**STORED DATA:**
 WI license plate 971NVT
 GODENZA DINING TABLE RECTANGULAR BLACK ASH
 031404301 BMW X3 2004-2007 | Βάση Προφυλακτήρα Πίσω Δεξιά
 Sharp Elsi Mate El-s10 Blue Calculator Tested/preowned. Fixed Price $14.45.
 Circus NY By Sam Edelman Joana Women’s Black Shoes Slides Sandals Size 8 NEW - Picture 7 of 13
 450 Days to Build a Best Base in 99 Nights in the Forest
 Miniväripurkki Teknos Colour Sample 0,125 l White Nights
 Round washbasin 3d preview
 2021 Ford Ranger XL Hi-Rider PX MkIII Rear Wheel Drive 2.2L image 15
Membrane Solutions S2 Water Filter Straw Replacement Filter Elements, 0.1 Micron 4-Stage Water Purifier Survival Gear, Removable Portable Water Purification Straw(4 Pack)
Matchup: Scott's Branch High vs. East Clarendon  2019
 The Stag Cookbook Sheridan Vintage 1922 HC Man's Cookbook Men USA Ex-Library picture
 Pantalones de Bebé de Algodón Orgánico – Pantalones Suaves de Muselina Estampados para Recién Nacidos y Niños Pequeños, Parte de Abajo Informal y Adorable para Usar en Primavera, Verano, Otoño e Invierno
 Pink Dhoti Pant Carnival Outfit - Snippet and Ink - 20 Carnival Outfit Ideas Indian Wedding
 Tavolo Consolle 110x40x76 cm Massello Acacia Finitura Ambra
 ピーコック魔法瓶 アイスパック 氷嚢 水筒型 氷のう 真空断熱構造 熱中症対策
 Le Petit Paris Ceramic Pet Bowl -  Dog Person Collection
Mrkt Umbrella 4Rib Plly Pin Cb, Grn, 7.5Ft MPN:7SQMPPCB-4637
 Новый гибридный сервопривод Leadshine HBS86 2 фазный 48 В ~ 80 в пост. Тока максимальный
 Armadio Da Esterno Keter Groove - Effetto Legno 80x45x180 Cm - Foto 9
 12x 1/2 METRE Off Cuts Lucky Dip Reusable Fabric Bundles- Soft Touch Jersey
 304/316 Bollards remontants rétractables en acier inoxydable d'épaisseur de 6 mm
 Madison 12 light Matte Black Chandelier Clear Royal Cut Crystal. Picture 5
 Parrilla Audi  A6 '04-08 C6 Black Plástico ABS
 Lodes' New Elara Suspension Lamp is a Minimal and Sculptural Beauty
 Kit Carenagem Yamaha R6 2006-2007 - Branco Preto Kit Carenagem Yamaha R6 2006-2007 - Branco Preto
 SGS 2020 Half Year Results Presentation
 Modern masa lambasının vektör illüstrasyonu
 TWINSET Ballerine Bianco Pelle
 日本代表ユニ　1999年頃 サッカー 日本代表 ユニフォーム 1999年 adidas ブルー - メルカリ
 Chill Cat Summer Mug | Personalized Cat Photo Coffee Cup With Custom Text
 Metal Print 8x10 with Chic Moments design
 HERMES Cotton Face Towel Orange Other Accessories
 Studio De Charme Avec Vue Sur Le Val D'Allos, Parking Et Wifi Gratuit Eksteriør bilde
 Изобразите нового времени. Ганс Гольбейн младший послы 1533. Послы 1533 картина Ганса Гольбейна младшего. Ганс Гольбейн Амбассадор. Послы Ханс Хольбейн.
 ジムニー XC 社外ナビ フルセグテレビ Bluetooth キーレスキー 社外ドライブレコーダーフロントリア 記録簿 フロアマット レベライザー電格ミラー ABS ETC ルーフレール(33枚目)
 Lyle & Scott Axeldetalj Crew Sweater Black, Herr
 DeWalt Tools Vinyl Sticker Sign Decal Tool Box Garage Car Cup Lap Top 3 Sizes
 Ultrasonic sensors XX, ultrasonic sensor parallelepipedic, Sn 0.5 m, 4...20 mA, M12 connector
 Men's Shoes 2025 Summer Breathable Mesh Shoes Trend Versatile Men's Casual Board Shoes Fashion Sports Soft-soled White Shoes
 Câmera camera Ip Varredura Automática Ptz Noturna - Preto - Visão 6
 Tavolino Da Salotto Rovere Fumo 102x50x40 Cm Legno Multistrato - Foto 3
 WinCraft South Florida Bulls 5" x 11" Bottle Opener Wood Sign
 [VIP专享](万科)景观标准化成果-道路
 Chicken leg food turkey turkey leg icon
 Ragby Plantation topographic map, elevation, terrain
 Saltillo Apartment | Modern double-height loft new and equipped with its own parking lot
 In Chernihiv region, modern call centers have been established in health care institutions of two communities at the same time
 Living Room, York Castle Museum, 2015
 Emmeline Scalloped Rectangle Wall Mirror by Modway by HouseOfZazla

**WHAT TO WORK ON:** Within the material above, transcribe exactly the lines that run from the line holding "12x 1/2 METRE" through the line holding "Lyle & Scott".

**RESULT FOR THIS EXERCISE:**
 12x 1/2 METRE Off Cuts Lucky Dip Reusable Fabric Bundles- Soft Touch Jersey
 304/316 Bollards remontants rétractables en acier inoxydable d'épaisseur de 6 mm
 Madison 12 light Matte Black Chandelier Clear Royal Cut Crystal. Picture 5
 Parrilla Audi  A6 '04-08 C6 Black Plástico ABS
 Lodes' New Elara Suspension Lamp is a Minimal and Sculptural Beauty
 Kit Carenagem Yamaha R6 2006-2007 - Branco Preto Kit Carenagem Yamaha R6 2006-2007 - Branco Preto
 SGS 2020 Half Year Results Presentation
 Modern masa lambasının vektör illüstrasyonu
 TWINSET Ballerine Bianco Pelle
 日本代表ユニ　1999年頃 サッカー 日本代表 ユニフォーム 1999年 adidas ブルー - メルカリ
 Chill Cat Summer Mug | Personalized Cat Photo Coffee Cup With Custom Text
 Metal Print 8x10 with Chic Moments design
 HERMES Cotton Face Towel Orange Other Accessories
 Studio De Charme Avec Vue Sur Le Val D'Allos, Parking Et Wifi Gratuit Eksteriør bilde
 Изобразите нового времени. Ганс Гольбейн младший послы 1533. Послы 1533 картина Ганса Гольбейна младшего. Ганс Гольбейн Амбассадор. Послы Ханс Хольбейн.
 ジムニー XC 社外ナビ フルセグテレビ Bluetooth キーレスキー 社外ドライブレコーダーフロントリア 記録簿 フロアマット レベライザー電格ミラー ABS ETC ルーフレール(33枚目)
 Lyle & Scott Axeldetalj Crew Sweater Black, Herr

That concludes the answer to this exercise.